Cancer patients are not only trying complementary and alternative medicine. Many of them use it without their doctor's knowledge, a new study revealed.

Americans are indeed spending more money on CAMs. In 2012 alone, they paid more than $30 billion of out-of-pocket costs, as insurance usually doesn't cover many of the therapies.

These options are either the last-ditch effort to manage conditions with no approved medications or as a way of improving both prognosis and survival such as in cancer.

The reliance on CAMs, however, can potentially do more harm than good for these cancer patients, especially if they don't inform their physicians.

Preferred CAM Treatments

In the study, Dr. Nina Sanford, a radiation oncology assistant professor of UT Southwestern Medical Center, and her colleagues surveyed more than 3,000 past and present cancer patients about their use of CAMs.

About 1,000 of them said they tried them within the past 12 months.

Among the different therapies, herbal supplements were the most common.

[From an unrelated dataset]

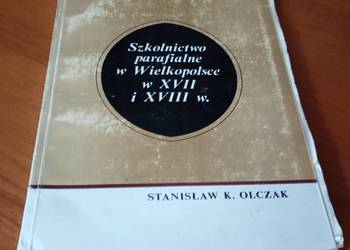 Szkolnictwo parafialne w Wielkopolsce w XVII i XVIII wieku  Olczak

More than 35 percent of CAM users took them. Around 25 percent, meanwhile, considered chiropractic or osteopathic spinal or joint manipulation.

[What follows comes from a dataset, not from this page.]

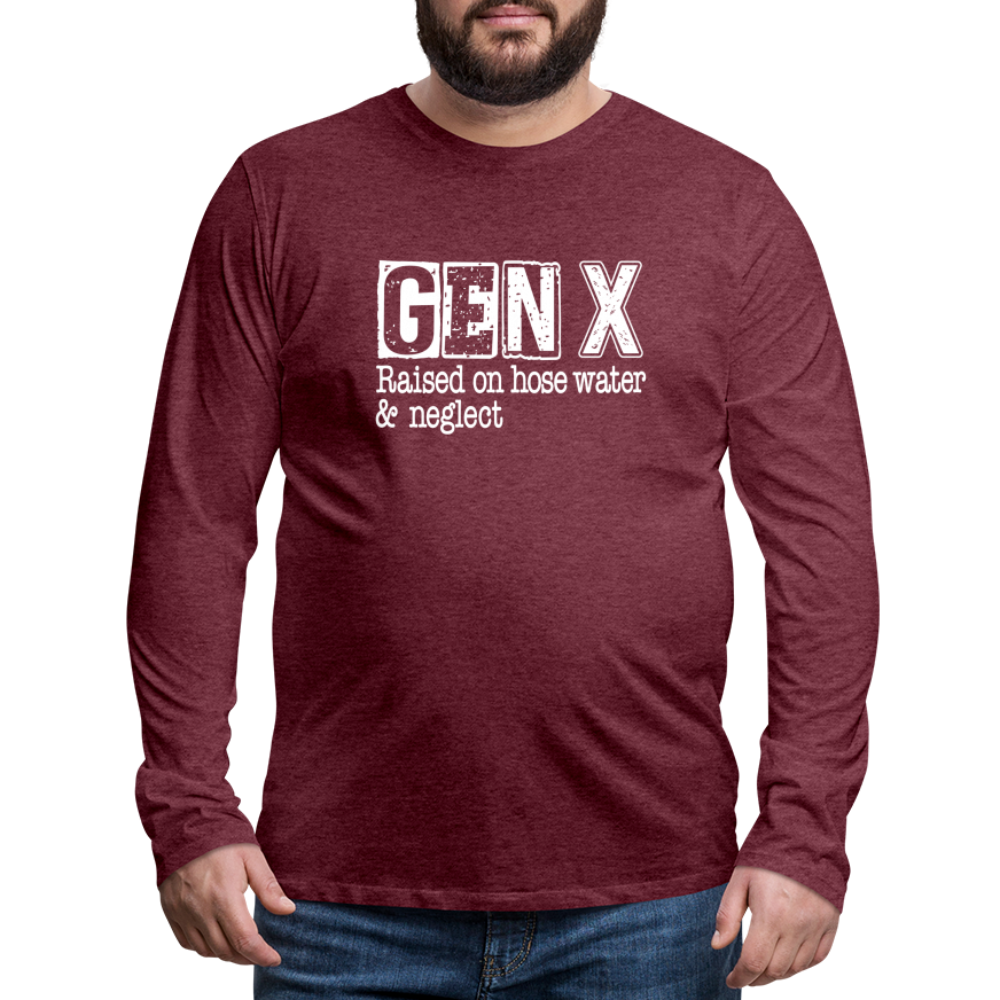 GEN X Men's Premium Long Sleeve T-Shirt (Raised on hose water & neglect) - heather burgundy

Fourteen percent tried massage, while 7.6 percent practiced yoga. The rest were into homeopathy, acupuncture, and special diets.

The study also revealed women were more likely to use CAMs than men, while younger cancer patients tend to do them than the older population.

What surprised the researchers, however, was the fact that 29 percent used CAMs without informing their doctor.

Keeping Doctors In The Dark

When asked why, patients said they felt their physicians didn't have to know or the doctors didn't inquire about them. Others, though, may do so as a form of control over their treatment plan.

The results of the survey were concerning for the researchers, especially with herbal supplements.

"Some of these supplements are kind of a mishmash of different things. Unless we know what's in them, I would recommend patients avoid using them during radiation because there's likely not data on certain supplements, which could interfere with treatment," said Dr. Sanford.

Higher levels of certain compounds may also increase toxicity. They may also render other conventional cancer treatments less effective.

Previous studies also revealed CAMs are no better than traditional medicine for cancer patients. In fact, it may increase their risk of premature death within five years.

Not Closing Doors

This isn't to say doctors are shutting their doors on CAM. Acupuncture, for example, may help ease pain, which is a common symptom of the disease. Yoga may also assist the patients in managing fatigue, stress, and side effects of the treatments.

They strongly encourage the patients not to keep their doctors in the dark to enhance the success of the treatment plan.

The study is published in JAMA Oncology.